The Vote: A mind-blowing almost 85% of eligible voters — anyone 16 years old and older who lived in Scotland — came to the polls and voted. The results were close, with 45% for independence and 55% for union.

The Aftermath: Okay, so Scotland didn’t get independence. Honestly, I wasn’t sure which way I wanted it to go. On one hand, I think it would be so exciting to witness the beginning of a country on such non-martial terms. On the other hand, the economic repercussions are pretty substantial — more than half of Scottish loans will now be held in foreign banks and it’s possible they will have to go off the English pound.
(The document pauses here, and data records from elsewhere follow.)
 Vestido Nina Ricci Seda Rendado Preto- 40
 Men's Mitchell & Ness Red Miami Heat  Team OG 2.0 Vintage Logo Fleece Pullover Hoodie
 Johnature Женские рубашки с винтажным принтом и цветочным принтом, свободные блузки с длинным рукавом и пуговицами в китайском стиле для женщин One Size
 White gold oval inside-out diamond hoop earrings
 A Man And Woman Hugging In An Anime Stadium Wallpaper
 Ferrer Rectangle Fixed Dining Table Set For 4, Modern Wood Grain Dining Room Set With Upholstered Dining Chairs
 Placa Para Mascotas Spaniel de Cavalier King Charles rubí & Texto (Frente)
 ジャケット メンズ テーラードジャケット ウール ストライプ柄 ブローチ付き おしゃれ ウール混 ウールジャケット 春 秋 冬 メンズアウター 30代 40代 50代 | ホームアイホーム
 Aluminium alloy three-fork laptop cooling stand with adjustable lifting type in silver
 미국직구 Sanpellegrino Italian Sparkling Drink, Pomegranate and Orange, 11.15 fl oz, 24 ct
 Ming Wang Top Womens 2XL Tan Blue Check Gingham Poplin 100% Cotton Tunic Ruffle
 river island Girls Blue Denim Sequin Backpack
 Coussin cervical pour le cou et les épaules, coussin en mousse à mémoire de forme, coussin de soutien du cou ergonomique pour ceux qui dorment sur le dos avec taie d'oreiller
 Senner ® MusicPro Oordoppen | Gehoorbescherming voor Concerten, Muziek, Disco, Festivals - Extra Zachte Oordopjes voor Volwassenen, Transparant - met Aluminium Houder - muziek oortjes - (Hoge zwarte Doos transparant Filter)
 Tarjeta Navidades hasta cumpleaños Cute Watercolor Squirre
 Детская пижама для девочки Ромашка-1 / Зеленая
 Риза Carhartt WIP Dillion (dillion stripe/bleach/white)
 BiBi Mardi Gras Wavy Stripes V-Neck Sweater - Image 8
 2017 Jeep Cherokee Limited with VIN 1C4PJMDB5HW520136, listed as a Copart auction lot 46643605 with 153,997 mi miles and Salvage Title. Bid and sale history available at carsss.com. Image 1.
But I don’t think that everything is lost for Scotland, even if they didn’t gain independence. I feel like, if anything, this vote served as a wake-up call for England. Historically, they don’t have the best track record with Scotland, and perhaps the threat of “breaking up the family,” as David Cameron, the prime minister of England kept putting it, will shake England into giving Scotland some of the respect and autonomy it was asking for. And it could also have effects worldwide.

Scotland didn’t have to resort to violence or weapons in order to make it heard. It went through the political system and trusted the power of democracy. That kind of peaceful resistance, the iron spine of Scotland, can serve as a beacon for other countries looking to strike out in their own forms of independence. In a world that is constantly seething with war, Scotland stands apart from the chaos and shows that fighting for freedom doesn’t necessarily mean fighting with weapons, that taking a stand doesn’t mean taking up arms, and that pride for one’s country doesn’t mean attacking another’s.

British politicians, like Labour lawmaker Alistair Darling, said that any promises of political changes made by Westminster parties would be kept, which would imbue Scotland with more powers. The vote has caused deep rifts in how the English and Scottish communicate, but perhaps that dialogue, while awkward and fiery at times, can lead to a better understanding of each other.

Scotland didn’t get its independence, but hopefully it can still get the freedom it deserves.